Interesting! Could you give an example with a bit more specific detail here? I t...

FloorEgg · 2025-09-04T00:04:12 1756944252

Yes, essentially.

There are multiple long-form text inputs, one set is provided by User A, and another set by User B. User A inputs act as a prompt for User B, and then User A analyzes User B's input according to the original User A inputs, producing an output.

My system takes User A and B inputs and produces the output with more accuracy and precision than User As do, but a wide margin.
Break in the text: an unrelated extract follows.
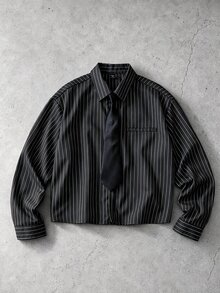 ROMWE MEN Men's Striped Loose Tie Long Sleeve Shirt - Black - View 5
Instead of trying to train a model on all the history of these inputs and outputs, the solution was a combination of goal->job->task breakdown (like a fixed agentic process), and lots of context and prompt engineering. I then test against customer legacy samples, and inspect any variances by hand. At first the variances were usually system errors, which informed improvements to context and prompt engineering, and after working through about a thousand of these (test -> inspect variance -> if system mistake improve system -> repeat) iterations, and benefiting from a couple base-model upgrades, the variances are now about 99.9% user error (bad historical data or user inputs) and 0.1% system error. Overall it took about 9 months to build, and this one niche is worth ~$30m a year revenue easy, and everywhere I look there are market niches like this... it's ridiculous. (and a basic chat interface like ChatGPT doesn't work for these types of problems, no matter how smart it gets, for a variety of reasons)

So to summarize:

Instead of training a model on the historical inputs and outputs, the solution was to use the best base model LLMs, a pre-determined agentic flow, thoughtful system prompt and context engineering, and an iterative testing process with a human in the loop (me) to refine the overall system by carefully comparing the variances between system outputs and historical customer input/output samples.

marlott · 2025-09-04T01:13:43 1756948423

Thanks a lot for the detailed reply! Makes a lot of sense now. I'm working on similar problems, and have dabbled with this kind of approach.